* What the task asks *
Each line in the material below must be transcribed exactly; no picture belongs in the copy.

* Supplied material *
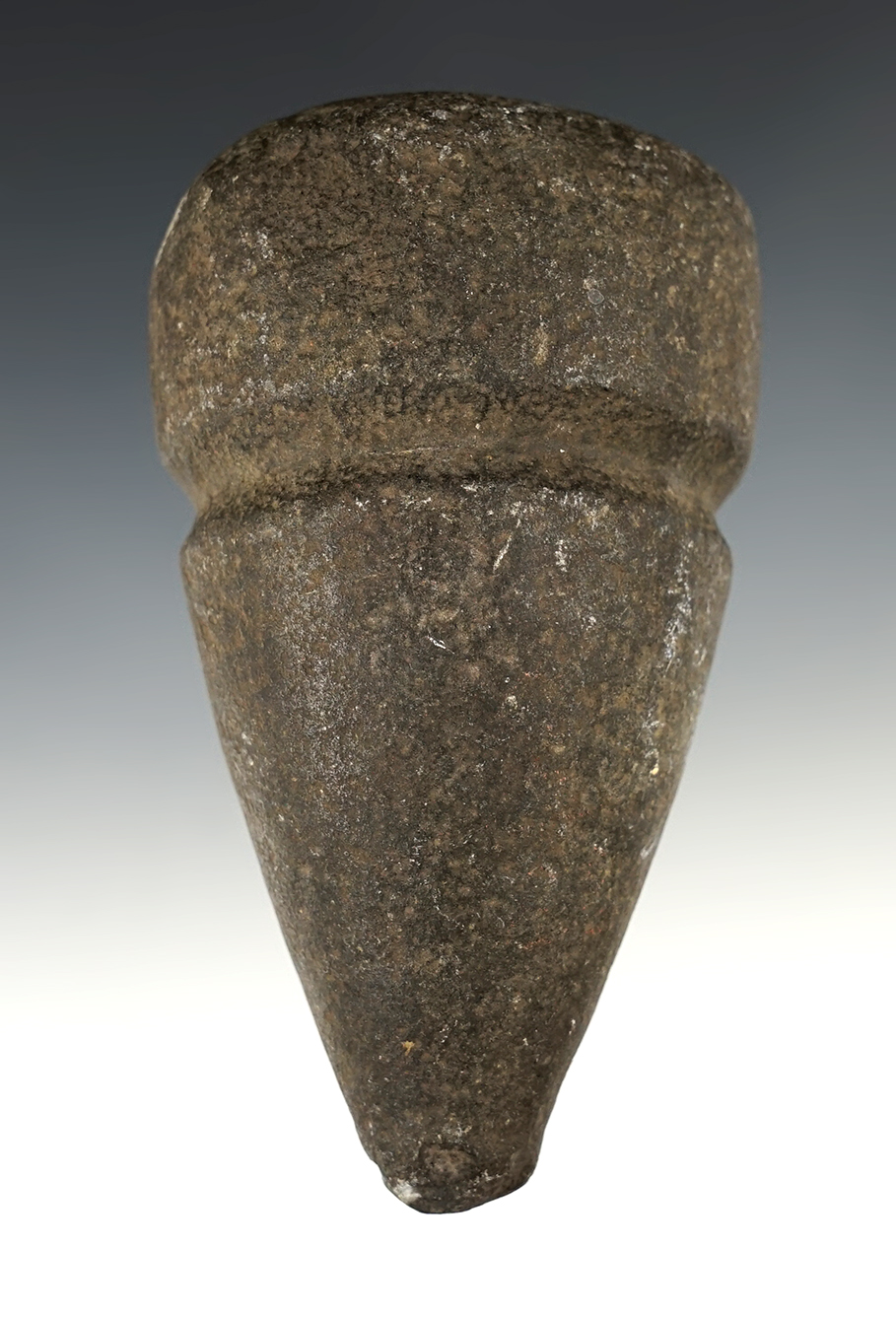 Uniquely styled 4 3/4" Full Grooved stone artifact. Found location unknown.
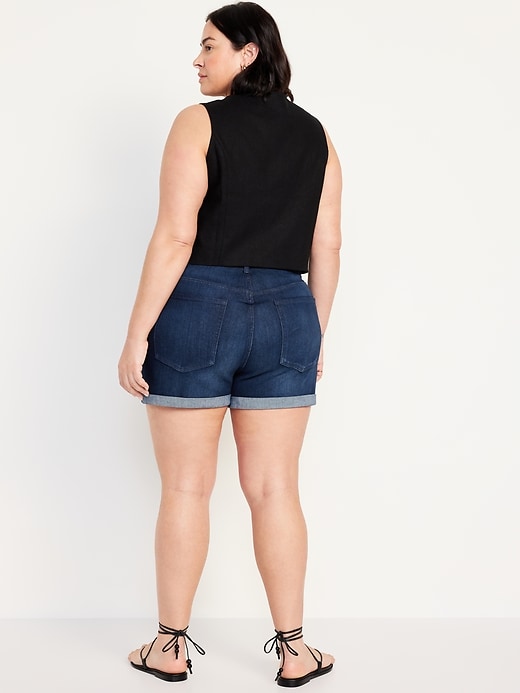 Image number 8 showing, High-Waisted Wow Jean Shorts -- 3-inch inseam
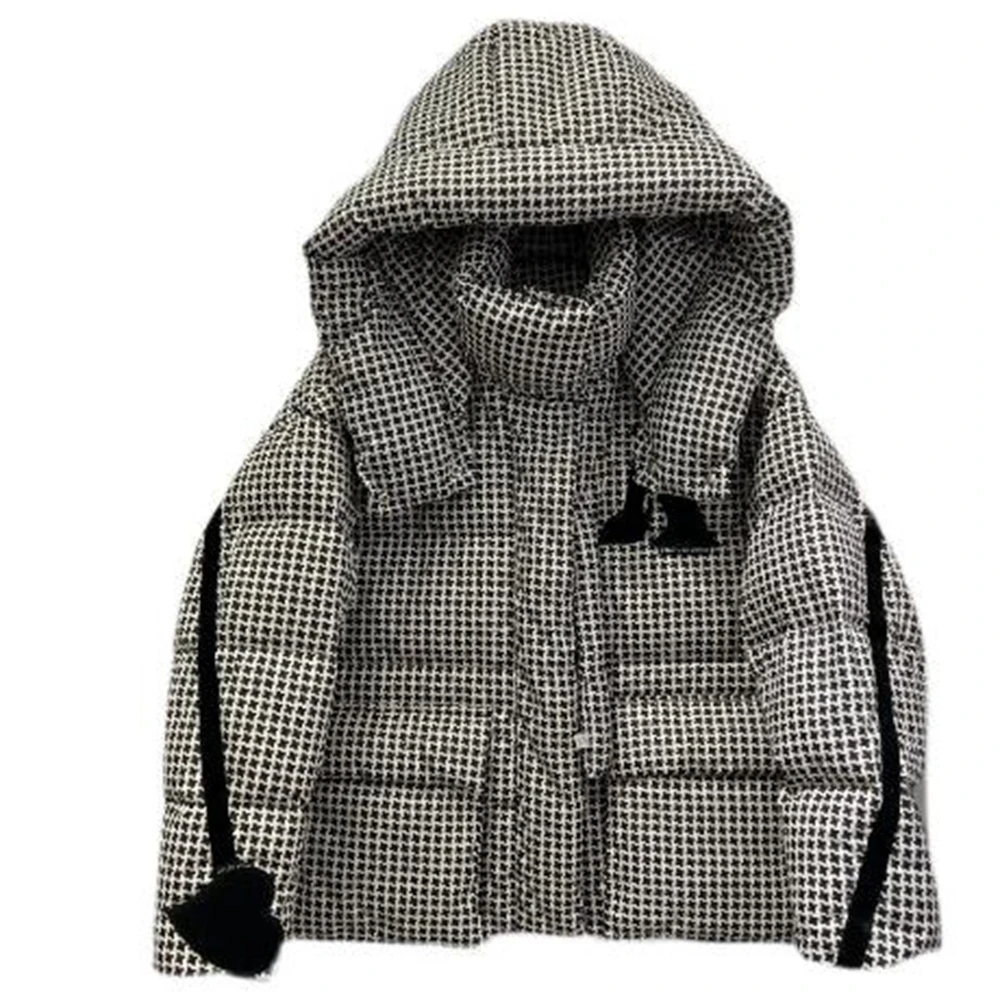 Europe stationHoundstooth Hooded Puffy Coat Women Winter Down Coats Warm Outerwear White Duck Down Jackets Warm Coat Female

* Solution for this task *
 Uniquely styled 4 3/4" Full Grooved stone artifact. Found location unknown.
 Image number 8 showing, High-Waisted Wow Jean Shorts -- 3-inch inseam
 Europe stationHoundstooth Hooded Puffy Coat Women Winter Down Coats Warm Outerwear White Duck Down Jackets Warm Coat Female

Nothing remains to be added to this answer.